Hi everyone,
does any of you know a way to make tessearct acknowledge large horizontal distances as separators for blocks?
Considering the attached document (it's just a random example from the web, tesseract shows the same behavior on similar documents). Tesseract consistently fails to recognize the two separate blocks in the header and instead reads the words line by line.
The output then looks like this:
COUR EUROPEENNE EUROPEAN COURT
des of
DROITS DE L’HOMME HUMAN RIGHTS
Where it should clearly look like this:
COUR EUROPEENNE
des
DROITS DE L’HOMME
EUROPEAN COURT
of
HUMAN RIGHTS
Looking at the blocks, it becomes clear that tesseract does not recognize the two header blocks as separate, even though they are clearly distinguishable.
Is there a way to tweak tesseract's block/paragraph detection to be more sensitive to this and correctly separate the header blocks?

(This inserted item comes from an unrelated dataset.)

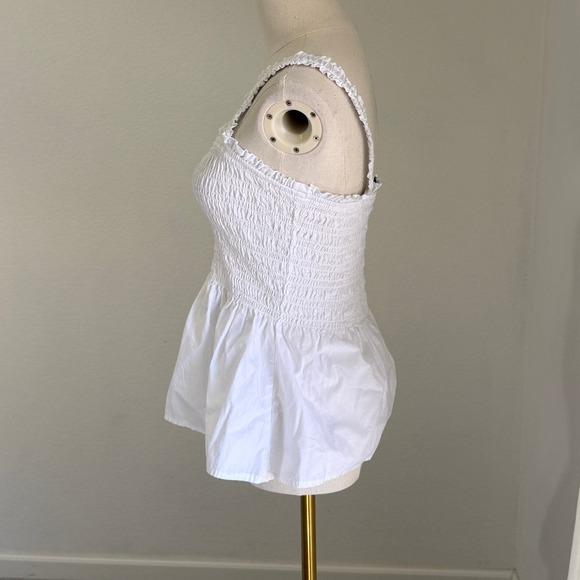 Gap White Smocked Peplum Top Ruffle Strap Square Neck Cotton Blouse Medium Tall - Picture 4 of 6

This problem has been haunting me for a while now. and tesseract is such a powerful tool and does such a great job with tasks that are way more complex, that I just cannot accept that it can't get this right.
Thanks in advance for you help,
best,
Peter
PS:
Find below the version I'm using. I do not think this is a problem of the version, though, the issue is the same with version 3.
tesseract 4.0.0-beta.3-199-gba757
leptonica-1.76.0
libgif 5.1.4 : libjpeg 8d (libjpeg-turbo 1.4.2) : libpng 1.2.54 : libtiff 4.0.6 : zlib 1.2.8 : libwebp 0.4.4 : libopenjp2 2.3.0
Found SSE